__RECORDS PROVIDED__:
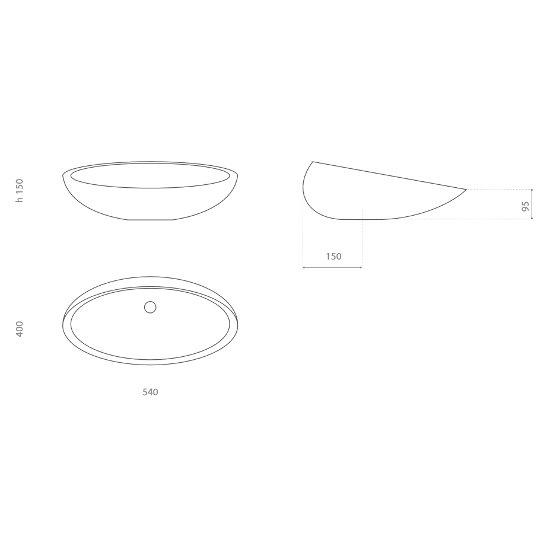 Oval Counter Top Basin Kool MAX Dimensions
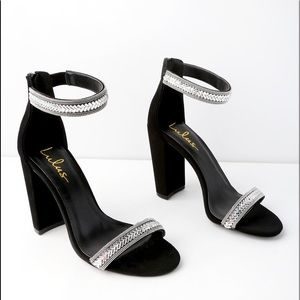 LULU’s Cacey Black Nubuck Beaded Ankle Strap Heels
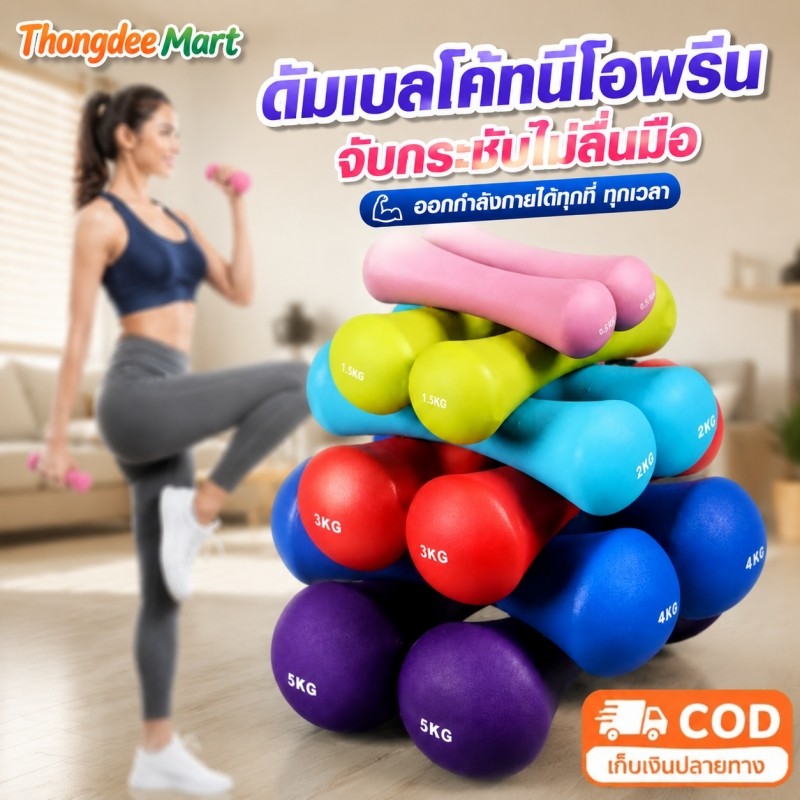 ดัมเบลกระดูก ดัมเบลเหล็กหุ้มยางนีโอพรีน 0.5-2Kg จับถนัดมือ กันลื่น เหมาะสำหรับเวิร์คเอาท์ในบ้านและยิม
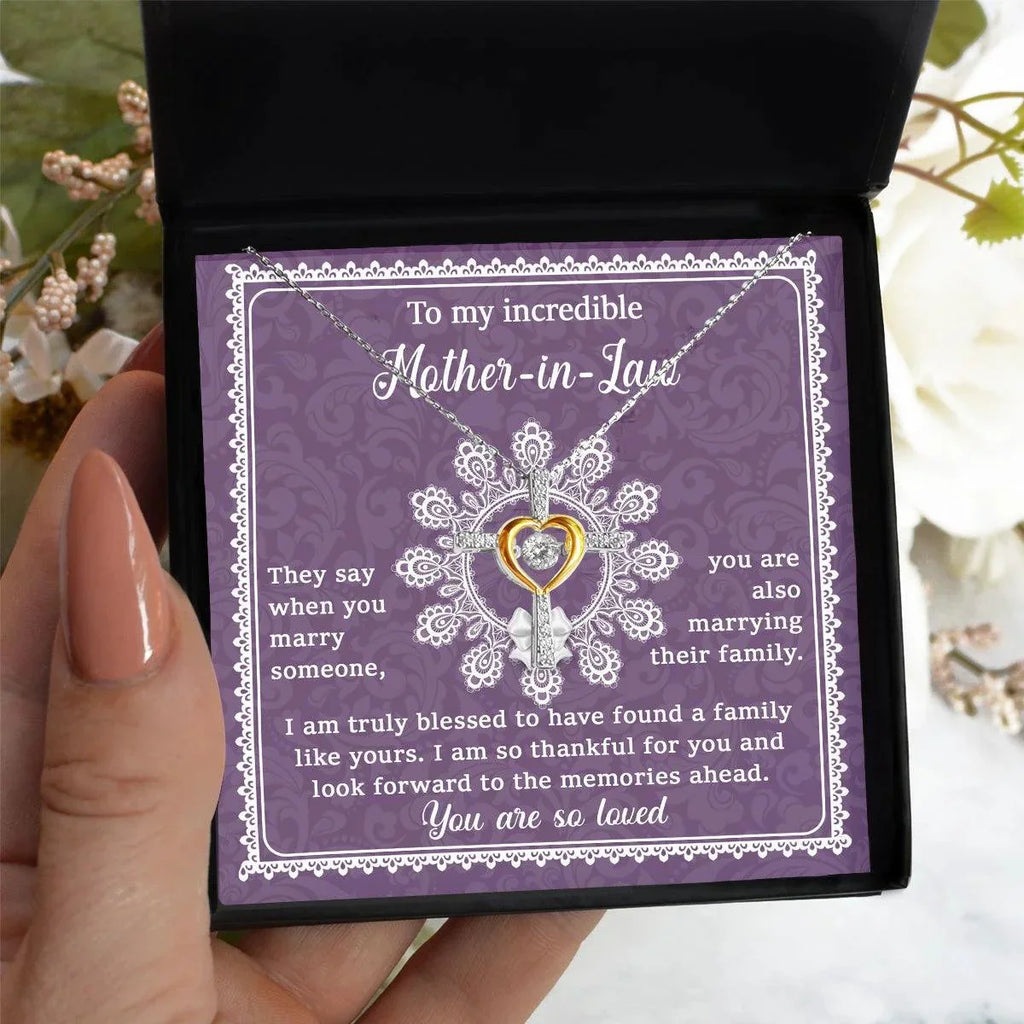 Mother-in-Law Gift I am Truly Blessed for the Memories Ahead Cross Pendant Necklace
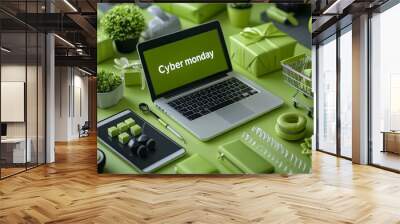 An arrangement of Cyber Monday shopping essentials in a green-themed setting, featuring a laptop, tablet, gifts, and miniature shopping cart, emphasizing online shopping deals. Wall mural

__REQUIRED ACTION__:
The expected answer is the line with "Mother-in-Law Gift I" followed by every remaining line of the listing, each restated exactly, with all pictures dropped.

__ANSWER BELOW__:
 Mother-in-Law Gift I am Truly Blessed for the Memories Ahead Cross Pendant Necklace
 An arrangement of Cyber Monday shopping essentials in a green-themed setting, featuring a laptop, tablet, gifts, and miniature shopping cart, emphasizing online shopping deals. Wall mural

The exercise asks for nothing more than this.